Conversion from CellRank pipeline¶
The aim of this notebook is to convert resulting analysis from CellRank into a principal tree that can be used by scFates
CellRank aims at identifying fate potentials by considering single cell dynamics as a Markov process (see Lange et al., biorxiv, 2021). This is a great tool for finding the macrostates such as the “tips” of our trajectories, thanks to its powerful probabilistic approach. Here we propose to extend it by converting the fate probabilities into a principal tree, allowing easier interpretation of what is happening “in between” (early biases, bifurcations).

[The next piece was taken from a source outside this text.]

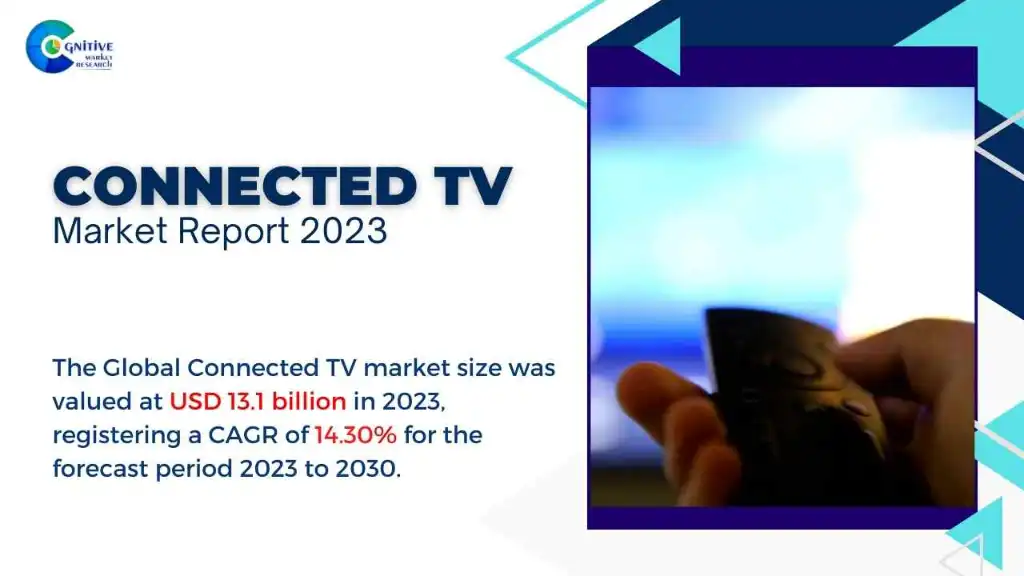 Connected TV Market Report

Setting up environment modules and basic settings¶
Generating the environment¶
The following needs to be run in the command-line
conda create -n scFates -c conda-forge -c r python=3.8 r-mgcv rpy2=3.4.2 -y
conda activate scFates
# Install new jupyter server
conda install -c conda-forge jupyter
# Or add to an existing jupyter server
conda install -c conda-forge ipykernel
python -m ipykernel install --user --name scFates --display-name "scFates"
# Install scFates
pip install scFates
Required additional packages¶
[1]:
import sys
!{sys.executable} -m pip -q install scvelo cellrank
Loading modules and settings¶
[2]:
import scvelo as scv
import scanpy as sc
import cellrank as cr
import numpy as np
scv.settings.verbosity = 3
scv.settings.set_figure_params('scvelo')
cr.settings.verbosity = 2
[3]:
import warnings
warnings.simplefilter("ignore", category = UserWarning)
warnings.simplefilter("ignore", category = FutureWarning)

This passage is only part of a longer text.